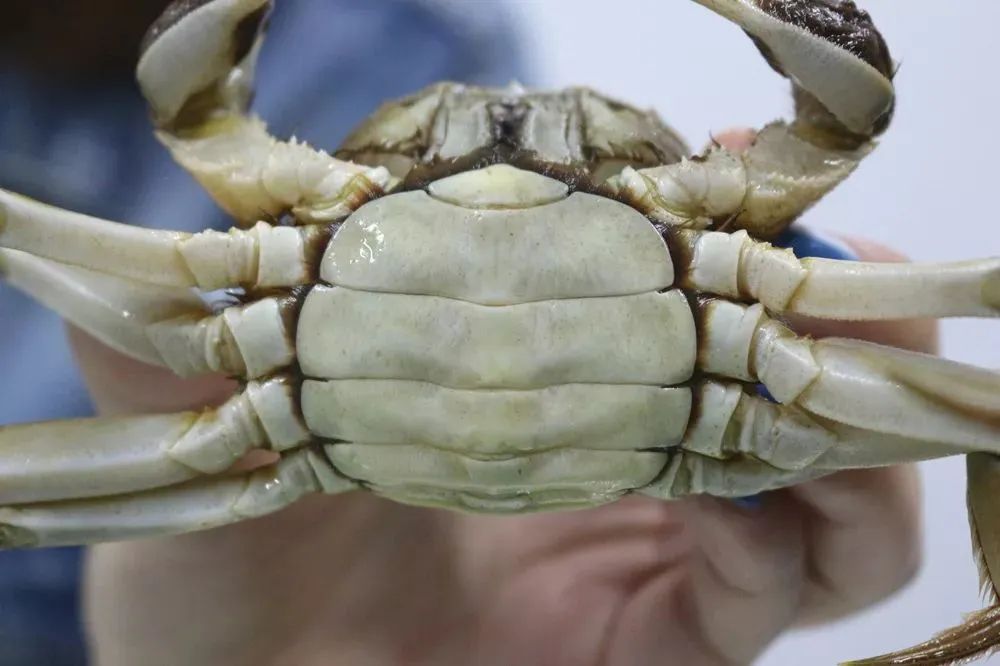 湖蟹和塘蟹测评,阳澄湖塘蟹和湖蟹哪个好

• • •

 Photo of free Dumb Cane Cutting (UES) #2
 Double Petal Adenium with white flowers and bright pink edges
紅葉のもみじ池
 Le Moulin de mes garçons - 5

• • •

EXERCISE: Of all the entries above, output exactly the lines between the one holding "Photo of free Dumb Cane Cutting (UES) #2" and the one holding "Le Moulin de mes garçons - 5", inclusive.

RESULT OF THE TASK:
 Photo of free Dumb Cane Cutting (UES) #2
 Double Petal Adenium with white flowers and bright pink edges
紅葉のもみじ池
 Le Moulin de mes garçons - 5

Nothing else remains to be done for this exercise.